Enseña Juan Pablo II que Dios nos da personas, nos da hermanos y hermanas en nuestra humanidad, comenzando por nuestros padres. Luego, en la medida que crecemos, Él va colocando más y más gente nueva en el camino de nuestra vida. De algún modo cada una de esas personas es un don para nosotros, y de cada una podemos decir: “Dios te dio a mí”. Tener conciencia de esto se convierte en un enriquecimiento para ambos. Al crear a la mujer, al colocarla al lado del varón, Dios abrió el corazón del hombre a la conciencia de donar el don. “Ella es de mí y para mí; a través de ella es que yo puedo convertirme en un don, porque ella misma es un don para mí”.

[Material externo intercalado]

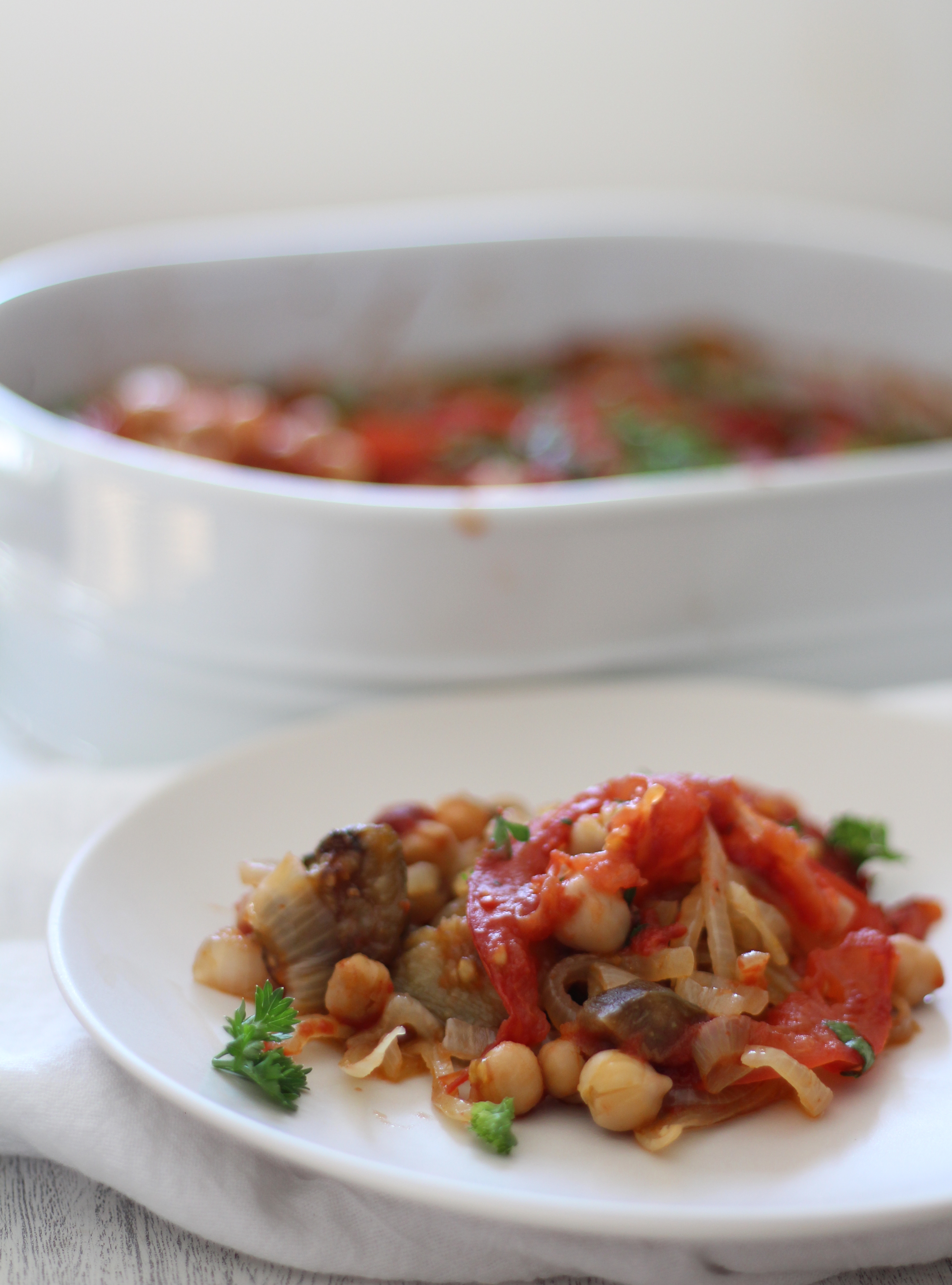 A comforting and healthy Mediterranean casserole with layers of eggplant, caramelized onions, chickpeas, and tomatoes - and simple to prepare!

Al crear a la mujer, manifiesta Juan Pablo II, Dios despierta el gran anhelo de belleza que habrá de convertirse en el tema central de la creatividad humana, del arte y de mucho más… Hay una cierta búsqueda de la belleza en toda espiritualidad creativa, una cierta búsqueda de cada vez nuevas formas de encarnación, nuevas fuentes de asombro, que son tan indispensables para el hombre como la comida y la bebida.

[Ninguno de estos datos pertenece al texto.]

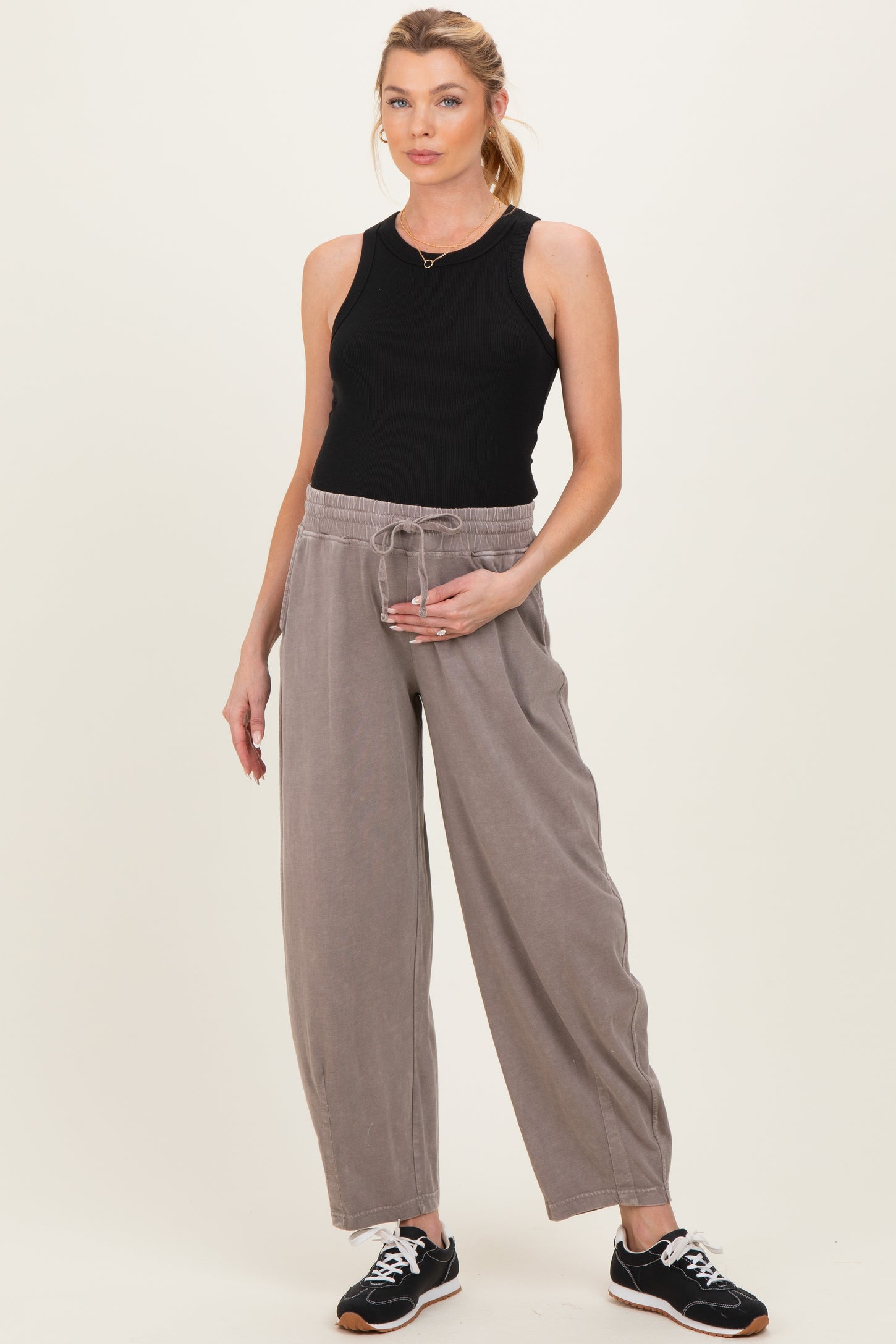 woman wearing a black ribbed maternity tank top and light gray wide-leg maternity pants, holding her baby bump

Y añade el Papa que el cuerpo humano guarda su propia dignidad, que emana de este carácter sagrado. Esto es verdad tanto para el cuerpo del hombre como para el cuerpo de la mujer. La Redención del cuerpo confiere, una nueva dimensión especial al carácter sagrado del cuerpo. Se trata de un carácter sagrado que excluye el convertirse en un mero objeto de uso. Cada uno de nosotros, especialmente cada varón, debe ser un guardián, un protector de este carácter sagrado y de la concomitante dignidad. “¿Acaso soy el guardián de mi hermano?”, interrogó Caín (Gn 4:9), dando paso al infeliz curso de la civilización de la muerte en la historia humana. Cristo arriba en medio de esta civilización, desciende para dar respuesta a la pregunta de Caín y dice: “Sí, tú eres un custodio, eres el
guardián de lo sagrado, el guardián de la dignidad del hombre en cada varón y en cada mujer. Tú eres el guardián del carácter sagrado del cuerpo de la mujer, que por siempre habrá de ser objeto de tu respeto. Entonces podrás regocijarte con la belleza que Dios le confirió de principio, y ella se regocijará contigo. Ella se sentirá entonces a salvo bajo la mirada de su hermano y se regocijará con el don que es su femineidad creada”. Es entonces que el “eterno femenino” puede ser una vez más un don inviolable para la civilización del hombre, una inspiración de la creatividad y una fuente de belleza para que podamos levantarnos de entre los muertos (Norwid). ¿No es acaso por esto que tantas resurrecciones varoniles tienen su origen en la belleza femenina, la belleza de la maternidad, esa belleza filial y esponsalicia que encuentra su especial culminación en la madre de Dios?, termina diciendo Juan Pablo II.